For detailed error report see ``datavalidator_20150714-123353.diff`` file.

----------------------------------------------------------------------------
Data validation process has completed.
----------------------------------------------------------------------------

***************************************************************
                            DataValidator Summary
***************************************************************

       All tables count: 2

       Validated tables count: 2
       Rows count: 21
       Errors count: 3

       Missing tables on the target database count: 0

       Tables having only unsupported datatypes count: 0

       Tables having primary key limitation count: 0

       Total time(s): 0.539
       Rows per second: 39

***************************************************************

The following example excludes tables ORATAB and jobhist with the -et option when comparing the Oracle EDB schema against the EDB Postgres Advanced Server public schema.

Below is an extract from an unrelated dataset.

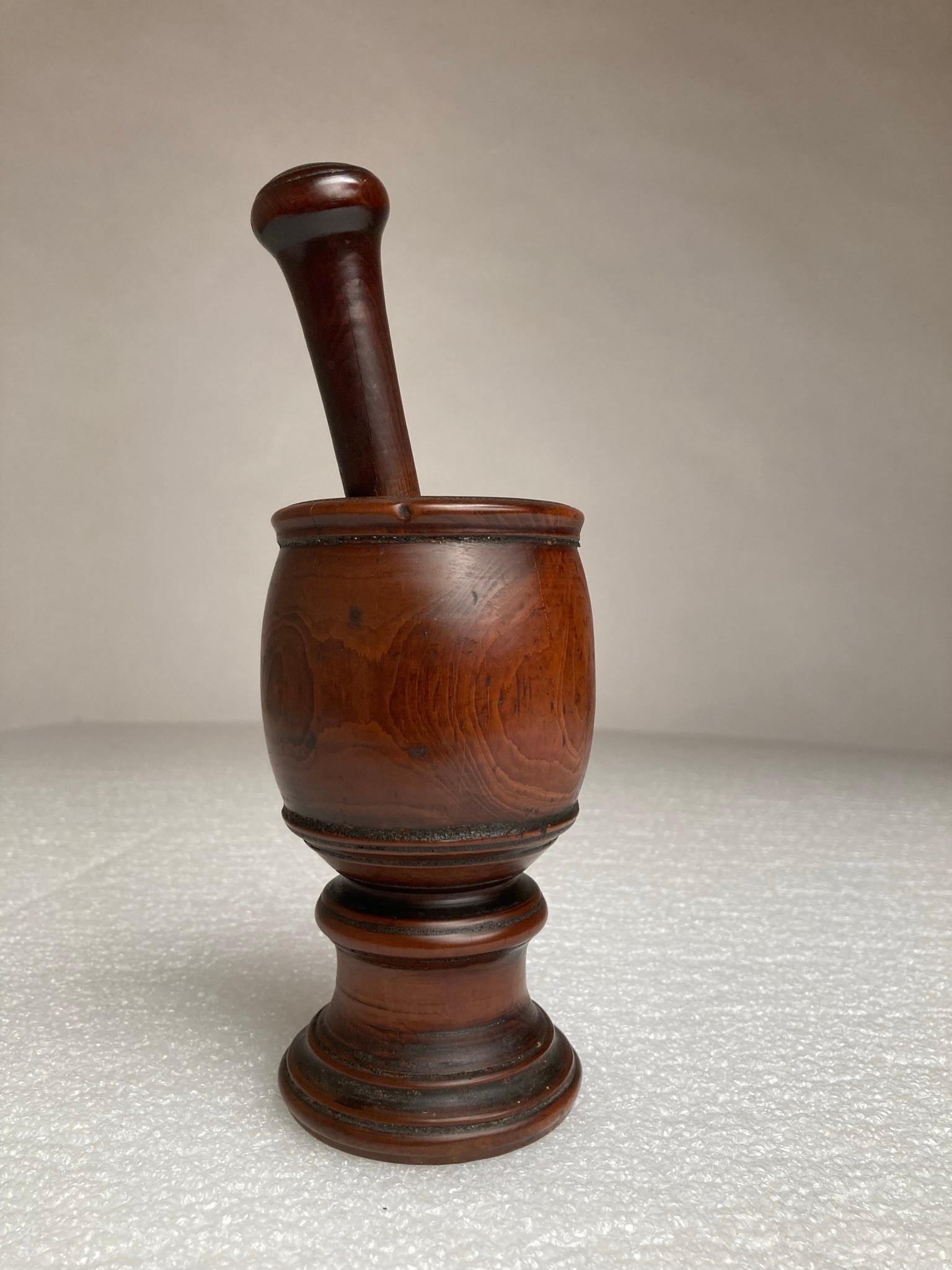 18th century English treen mortar and pestle hand turned and carved from yew wood with the rich and warm patina that only comes with age and use. Beautifully carved by hand from a single piece of yew wood. 
From a New York City private collection.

The -ds true option results in the display of only the Data Validator summary.

$ ./runValidation.sh -ss edb -ts public -ld /home/user/datavalidator_logs -et ORATAB,jobhist -ds true
Databases data validation process started...

***************************************************************
                            DataValidator Summary
***************************************************************

       All tables count: 2

       Validated tables count: 2
       Rows count: 21
       Errors count: 3

       Missing tables on the target database count: 0

       Tables having only unsupported datatypes count: 0

       Tables having primary key limitation count: 0

       Total time(s): 0.535
       Rows per second: 39

***************************************************************

For this run, the corresponding log file contains only the Data Validator summary, omitting the source and target database connection information along with the error breakdown by table.